Нынче совершилось двадцать пять лет со времени основания Товарищества передвижных выставок. Что же? праздновано у нас это событие? чем-нибудь ознаменовано и со стороны передвижников и со стороны публики? И не думали. Сказано: «двадцать пять лет прошло» — и баста. Ах, какие скромности, ах, какая умеренность и осторожность! Вот уж подлинно все в Молчалиных превратились. А в действительности-то дело шло о фактах такой важности — не то что для истории русской живописи только, но и для истории русской вообще, истории ее культуры, ее таланта, ума, понимания, для истории русского почина, которого у нас всего чаще так мало и так он скуден и тощ, — шло дело о таких все делах, на которые следовало бы просто не нарадоваться и громко бить им в ладоши.

Но никаких «радостей» и никаких «ладошей» не последовало, и все спокойно и невозмутимо просидели по своим углам.

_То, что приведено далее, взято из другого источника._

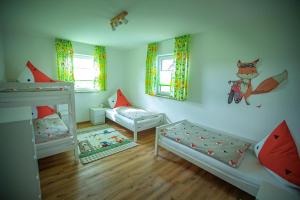 a room with two bunk beds and a couch at Fuchsbau Erdgeschoß in Burtenbach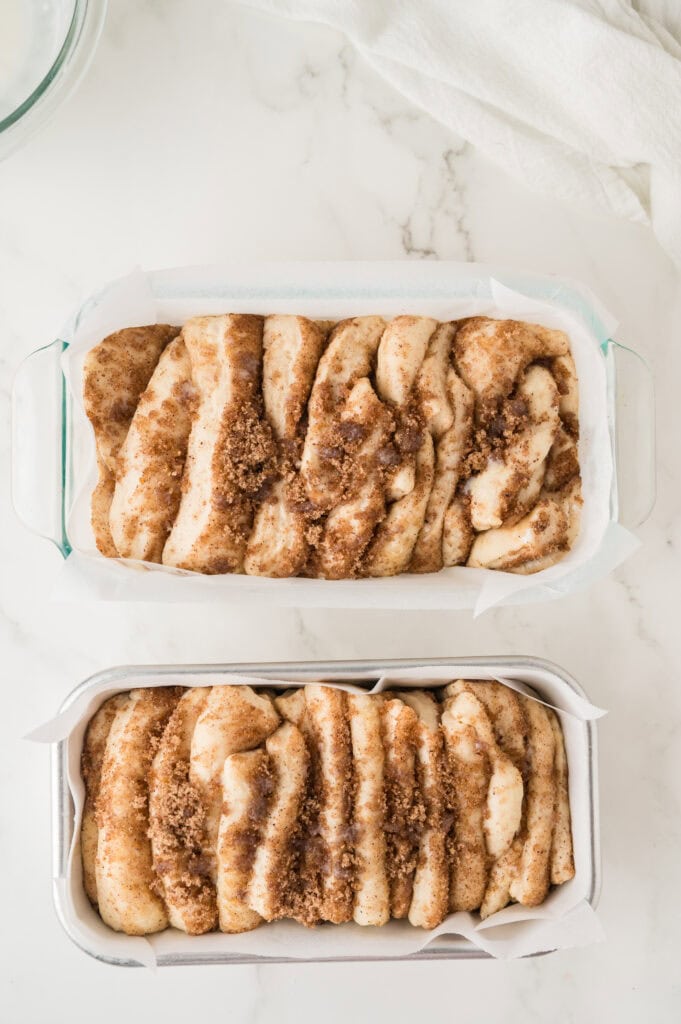 proofed bread loaves ready to bake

То ли дело чьи-то именины или рождения в домашнем быту, то ли дело «юбилей служебной деятельности» такого-то почтенного генерала, полковника, статского советника, — о, там сейчас поднимутся, портреты и биографии печатаются, сотни людей садятся за стол со спичами, нежными объятиями и тронутыми лицами, — о, тут сейчас все произойдет как следует по табели о рангах!

Передвижники что-то такое, кажется, полепетали промеж себя: «однакоже, господа, надо — что-нибудь… хоть выставку… хоть книжечку…», полепетали, полепетали, да так на том дело и остановилось. Ничего не вышло, ничего не появилось налицо: книжка и текст, правда, есть в виду, но только впереди, едва начинаются — жди еще целый год! Словно все раскисли и дремлют. Или уж не отдыхают ли после трудов и дел великих? — Да, дела и труды великие были у них, да только не теперь, а прежде, давно когда-нибудь! Ну вот, значит, надо тоже и отдохнуть немножко, позволительно и вздремнуть.

Все когда-нибудь поспеет!

Но ведь подумайте только — передвижники! Что это такое были1 прежде передвижники?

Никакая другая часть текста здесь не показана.